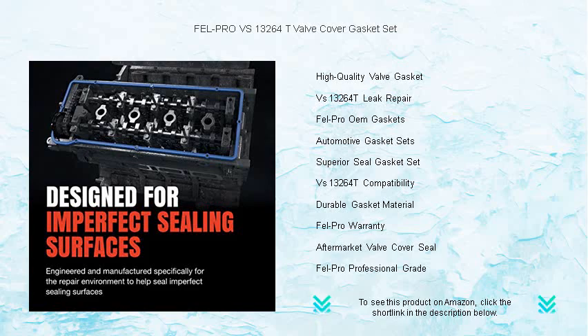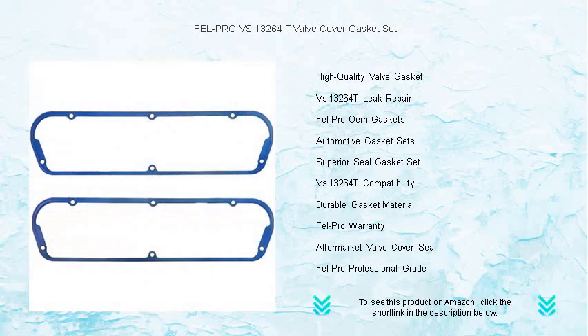Choose the Fel-Pro VS 13264 T valve cover gasket set. It's the seal that every engine deserves.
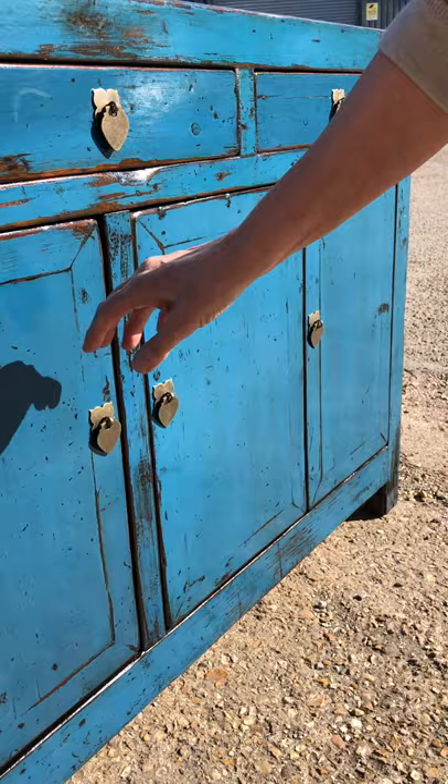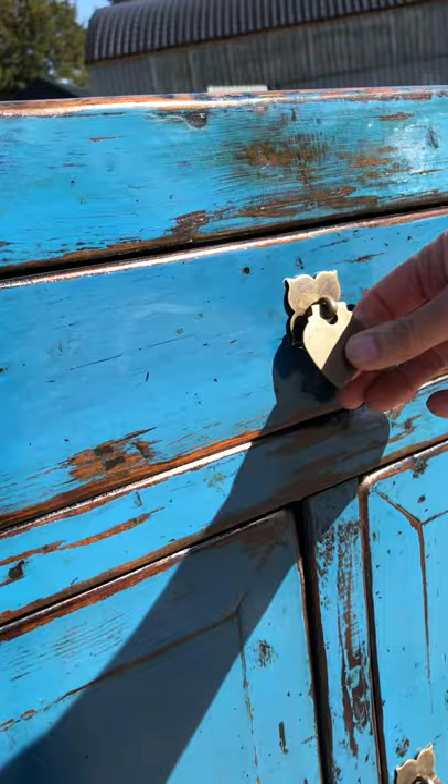Inside each cupboard is a removable shelf that goes full length — there are no cupboard dividers — it's one continuous shelf. Each of the pretty tab handles are solid brass, adding a nice oriental touch to this long sideboard.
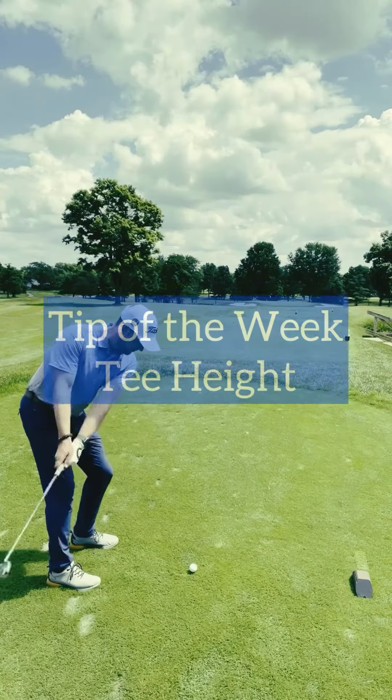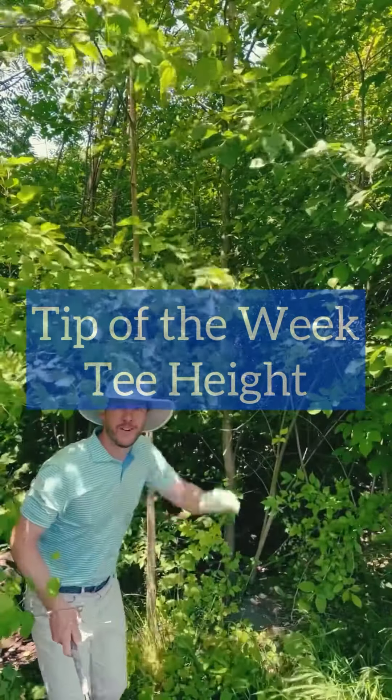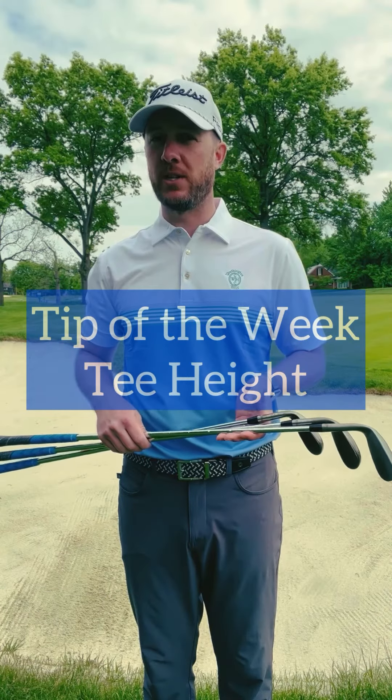Hi everybody, this is Ben with your tip of the week. In this week's tip, we're going to cover a question I get quite often during golf lessons, especially with the driver, which is: how high do I tee the golf ball?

○ ○ ○ ○ ○ ○ ○

TASK ITEM | Would you retype all the material above exactly, apart from its pictures?

SOLUTION |
Choose the Fel-Pro VS 13264 T valve cover gasket set. It's the seal that every engine deserves.
Inside each cupboard is a removable shelf that goes full length — there are no cupboard dividers — it's one continuous shelf. Each of the pretty tab handles are solid brass, adding a nice oriental touch to this long sideboard.
Hi everybody, this is Ben with your tip of the week. In this week's tip, we're going to cover a question I get quite often during golf lessons, especially with the driver, which is: how high do I tee the golf ball?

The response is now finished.